Look at the following examples showing the dissociation of hydrochloric acid and sodium hydroxide:

1. \({\color{red}{\text{HCl(aq)}}}\) + \(\text{H}_{2}\text{O}(\text{ℓ})\) \(\to {\color{red}{\text{H}_{3}{\text{O}}^{+}{\text{(aq)}}}}\) + \(\text{Cl}^{-}(\text{aq})\)

   \({\color{red}{\text{Hydrochloric acid}}}\) in water increases the concentration of \({\color{red}{\text{H}_{3}{\text{O}}^{+}}}\) ions and is therefore an \({\color{red}{\textit{acid}}}\).

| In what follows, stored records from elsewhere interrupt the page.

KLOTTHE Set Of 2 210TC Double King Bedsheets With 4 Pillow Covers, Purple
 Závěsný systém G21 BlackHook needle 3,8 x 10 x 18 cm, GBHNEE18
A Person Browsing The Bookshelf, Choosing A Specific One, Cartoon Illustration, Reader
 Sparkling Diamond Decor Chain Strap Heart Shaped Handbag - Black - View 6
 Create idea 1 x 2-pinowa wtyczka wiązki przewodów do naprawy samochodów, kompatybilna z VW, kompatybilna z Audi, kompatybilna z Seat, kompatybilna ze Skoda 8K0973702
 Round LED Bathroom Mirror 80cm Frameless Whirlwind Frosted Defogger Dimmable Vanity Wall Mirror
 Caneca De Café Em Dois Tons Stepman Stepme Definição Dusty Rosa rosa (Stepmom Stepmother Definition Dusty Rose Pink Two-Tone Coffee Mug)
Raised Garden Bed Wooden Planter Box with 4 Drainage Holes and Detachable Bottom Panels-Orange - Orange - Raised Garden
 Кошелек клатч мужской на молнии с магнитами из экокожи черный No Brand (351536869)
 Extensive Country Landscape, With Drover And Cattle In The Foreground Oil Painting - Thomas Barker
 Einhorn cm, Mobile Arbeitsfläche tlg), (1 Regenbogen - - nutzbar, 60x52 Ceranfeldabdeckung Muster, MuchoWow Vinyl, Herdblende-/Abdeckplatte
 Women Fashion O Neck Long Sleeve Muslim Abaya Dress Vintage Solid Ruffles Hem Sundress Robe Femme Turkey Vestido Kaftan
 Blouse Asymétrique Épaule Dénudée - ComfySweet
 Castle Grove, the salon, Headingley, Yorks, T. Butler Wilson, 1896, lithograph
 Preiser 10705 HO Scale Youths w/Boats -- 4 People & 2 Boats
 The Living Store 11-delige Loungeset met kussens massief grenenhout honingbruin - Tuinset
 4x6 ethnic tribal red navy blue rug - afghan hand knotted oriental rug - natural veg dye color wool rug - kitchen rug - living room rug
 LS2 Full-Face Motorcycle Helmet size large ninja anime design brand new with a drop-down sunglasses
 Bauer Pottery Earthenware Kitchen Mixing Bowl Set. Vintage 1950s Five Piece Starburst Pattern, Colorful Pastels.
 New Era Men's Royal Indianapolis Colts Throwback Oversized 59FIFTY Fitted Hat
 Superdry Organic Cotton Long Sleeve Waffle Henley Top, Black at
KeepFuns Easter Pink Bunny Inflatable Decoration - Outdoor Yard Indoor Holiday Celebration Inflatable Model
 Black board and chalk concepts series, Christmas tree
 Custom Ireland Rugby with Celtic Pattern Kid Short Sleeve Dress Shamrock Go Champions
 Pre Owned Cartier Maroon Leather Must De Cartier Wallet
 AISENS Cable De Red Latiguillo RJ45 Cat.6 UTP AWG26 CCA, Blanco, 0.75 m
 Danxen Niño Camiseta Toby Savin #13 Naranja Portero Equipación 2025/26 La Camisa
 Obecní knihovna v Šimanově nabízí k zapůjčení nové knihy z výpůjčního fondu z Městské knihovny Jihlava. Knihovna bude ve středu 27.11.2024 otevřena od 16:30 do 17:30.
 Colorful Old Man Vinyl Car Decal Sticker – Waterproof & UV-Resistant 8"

2. \({\color{blue}{\text{NaOH(s)}}}\) + \(\text{H}_{2}\text{O}(\text{ℓ})\) \(\to\) \(\text{Na}^{+}(\text{aq})\) + \({\color{blue}{\text{OH}^{-}{\text{(aq)}}}}\) + \(\text{H}_{2}\text{O}(\text{ℓ})\)

   \({\color{blue}{\text{Sodium hydroxide}}}\) in water increases the concentration of \({\color{blue}{\text{OH}^{-}}}\) ions and is therefore a \({\color{blue}{\textit{base}}}\).

However, this definition can only be used for acids and bases in water. Since there are many reactions which do not occur in water, it was important to come up with a much broader definition for acids and bases.

Brønsted-Lowry model for acids and bases

In 1923, Lowry and Brønsted took the work of Arrhenius further to develop a broader definition for acids and bases. The Brønsted-Lowry model defines acids and bases in terms of their ability to donate or accept protons (Table 9.3).

Brønsted-Lowry acids and bases

An acid is a substance that donates (gives away) protons (\(\text{H}^{+}\)). A base is a substance that accepts (takes) protons.

Under the Brønsted-Lowry definition: an \(\color{red}{\text{acid}}\) is a \(\color{red}{\textbf{proton donor}}\); a \(\color{blue}{\text{base}}\) is a \(\color{blue}{\textbf{proton}}\) \(\color{blue}{\textbf{acceptor}}\).

Below are some examples:

1. \(\text{HCl}(\text{aq}) + \text{NH}_{3}(\text{g})\) \(\to\) \(\text{NH}_{4}^{+}(\text{aq}) + \text{Cl}^{-}(\text{aq})\)

   In order to decide which substance is a \({\color{red}{\text{proton donor}}}\) and which is a \({\color{blue}{\text{proton acceptor}}}\), we need to look at what happens to each reactant. The reaction can be broken down as follows:

   \(\text{HCl}(\text{aq})\) \(\to\) \({\color{darkgreen}{\text{H}^{+}}}\)(aq) + \(\text{Cl}^{-}(\text{aq})\)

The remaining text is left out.